US-Anti-Atom-Bewegung erstarkt: Das Monster lebt

Die Atomenergie feiert in den USA Wiederauferstehung - und mit ihr die "Anti-Nuke-Bewegung". Musiker und Künstler reanimieren ihre Protestbewegung von vor 30 Jahren.

Ale "grenzenlose Quelle sauberer Energie" fördert die Bush-Administration die Atomkraft. Bild: dpa

"Wir dachten vor 30 Jahren, das Monster sei tot," sagte Graham Nash. "Jetzt hebt es wieder sein häßliches Haupt." Nash, Musiker und vor drei Jahrzehnten prominenter Aktivist der us-amerikanischen Anti-Atom-Bewegung, versammelte sich am Dienstag gemeinsam mit anderen ehemaligen Bewegten vor dem US-Kapitol in Washington. Sie wollen die US-Abgeordneten darüber aufklären, dass ein Senatsentwurf des neuen US-Energiegesetztes im Kleingedruckten Kreditgarantien für die Nuklearindustrie enthält. Das könnte ein "Blankoscheck der Steuerzahlenden zum Bau neuer Atomkraftwerke" sein, warnen Nash und seine Mitstreitenden.

Der Entwurf für das neue Energiegesetz klinge ansonsten ganz vernünftig, denn auch die Förderung erneuerbarer Energien und höhere Standards für Energieeffizienswerte seien darin enthalten. Nash hat zusammen mit den Musikern Bonnie Raitt und Jackson Browne, mit denen er zusammen 1979 das legendäre "No Nukes"-Konzert in New York organisierte, eine Petition gegen das geplante Gesetz organisiert und ein Musikvideo auf der Internetseite YouTube veröffentlicht.

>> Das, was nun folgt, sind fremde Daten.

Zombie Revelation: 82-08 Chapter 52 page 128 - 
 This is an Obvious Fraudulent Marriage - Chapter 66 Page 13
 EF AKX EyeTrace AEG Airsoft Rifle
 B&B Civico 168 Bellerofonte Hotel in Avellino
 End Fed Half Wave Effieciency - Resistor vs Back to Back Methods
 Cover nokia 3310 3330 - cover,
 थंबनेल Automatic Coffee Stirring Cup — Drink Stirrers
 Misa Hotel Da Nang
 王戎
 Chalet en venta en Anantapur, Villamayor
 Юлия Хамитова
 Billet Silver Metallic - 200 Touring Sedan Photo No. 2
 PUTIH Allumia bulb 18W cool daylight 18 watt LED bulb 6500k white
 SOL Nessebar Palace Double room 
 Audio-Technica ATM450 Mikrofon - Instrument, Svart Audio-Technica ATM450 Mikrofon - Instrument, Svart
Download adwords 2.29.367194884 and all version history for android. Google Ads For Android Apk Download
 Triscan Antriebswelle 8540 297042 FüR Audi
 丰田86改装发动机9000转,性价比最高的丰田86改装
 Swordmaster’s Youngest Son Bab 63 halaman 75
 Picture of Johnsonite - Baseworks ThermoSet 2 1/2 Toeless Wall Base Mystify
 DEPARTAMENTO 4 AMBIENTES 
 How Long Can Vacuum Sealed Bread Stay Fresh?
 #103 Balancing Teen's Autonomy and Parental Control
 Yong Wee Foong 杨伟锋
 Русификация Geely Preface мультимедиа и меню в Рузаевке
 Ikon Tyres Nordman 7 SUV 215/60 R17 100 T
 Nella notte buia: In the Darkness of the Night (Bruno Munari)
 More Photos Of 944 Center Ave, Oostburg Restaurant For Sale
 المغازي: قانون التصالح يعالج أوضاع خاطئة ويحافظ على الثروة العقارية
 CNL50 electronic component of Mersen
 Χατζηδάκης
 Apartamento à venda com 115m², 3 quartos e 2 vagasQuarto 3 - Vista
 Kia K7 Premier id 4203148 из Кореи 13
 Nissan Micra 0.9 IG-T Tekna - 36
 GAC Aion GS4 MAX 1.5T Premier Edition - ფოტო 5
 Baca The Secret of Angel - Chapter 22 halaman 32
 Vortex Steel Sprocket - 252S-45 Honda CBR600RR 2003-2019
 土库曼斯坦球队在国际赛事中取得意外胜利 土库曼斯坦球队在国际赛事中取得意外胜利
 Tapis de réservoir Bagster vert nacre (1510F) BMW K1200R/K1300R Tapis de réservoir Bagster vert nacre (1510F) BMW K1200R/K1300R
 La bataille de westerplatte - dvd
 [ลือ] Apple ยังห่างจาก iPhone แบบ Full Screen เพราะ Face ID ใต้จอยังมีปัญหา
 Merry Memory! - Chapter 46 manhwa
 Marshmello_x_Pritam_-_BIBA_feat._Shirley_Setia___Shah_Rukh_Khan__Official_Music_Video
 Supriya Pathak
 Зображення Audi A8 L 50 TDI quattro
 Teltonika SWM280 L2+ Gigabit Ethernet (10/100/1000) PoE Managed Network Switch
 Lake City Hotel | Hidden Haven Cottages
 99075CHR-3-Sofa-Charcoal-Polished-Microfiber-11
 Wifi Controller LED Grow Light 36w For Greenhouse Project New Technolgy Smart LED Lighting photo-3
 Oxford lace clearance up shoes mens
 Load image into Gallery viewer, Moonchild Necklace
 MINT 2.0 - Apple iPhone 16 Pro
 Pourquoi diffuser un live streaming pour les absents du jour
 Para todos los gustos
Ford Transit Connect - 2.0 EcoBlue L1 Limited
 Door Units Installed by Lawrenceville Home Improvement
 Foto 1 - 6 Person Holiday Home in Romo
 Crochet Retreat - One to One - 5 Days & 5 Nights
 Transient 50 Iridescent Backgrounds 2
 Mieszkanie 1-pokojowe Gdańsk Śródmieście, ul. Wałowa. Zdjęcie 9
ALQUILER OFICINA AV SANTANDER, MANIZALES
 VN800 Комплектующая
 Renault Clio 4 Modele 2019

Insgesamt 120.000 Unterschriften wollen sie, die von einer neuen Anti-Atombewegung sprechen, schon gesammelt haben. Unterstützt werden sie bei ihrer Aktion von Umweltgruppen und Musikern wie Patti Smith, R.E.M. und Wynton Marsalis.

Das Nuclear Energy Institute verhöhnte den Musiker-Protest und ließ wissen, dass Atomenergie in den USA in erster Linie deshalb eine Wiederauferstehung feiere, weil die öffentliche Sorge um das Klima Kohlekraftwerke zunehmend diskreditiere. Erst letzte Woche hatte zum ersten Mal eine US-Behörde, die Gesundheitsbehörde von Kansas, einem Kohlekraftwerk die Lizenz verweigert, weil seine CO2-Emissionen gesundheits- und umweltschädlich seien.

Richtig ist, dass die nationale Nuclear Regulatory Commission kürzlich bekanntgab, mit bis zu 32 Neuanträgen für den Bau von Atomkraftwerken in den nächsten zwei Jahren zu rechnen. Falsch ist hingegen, dass es die us-amerikanische Öffentlichkeit sei, die nach Atommeilern rufe, um das Klima zu schützen. Vielmehr ist es die US-Nuklearindustrie und Unternehmen wie NRG Energy selbst, die ihre Technologie anpreisen als klimafreundlich und leistungsfähiger als andere Energiequellen.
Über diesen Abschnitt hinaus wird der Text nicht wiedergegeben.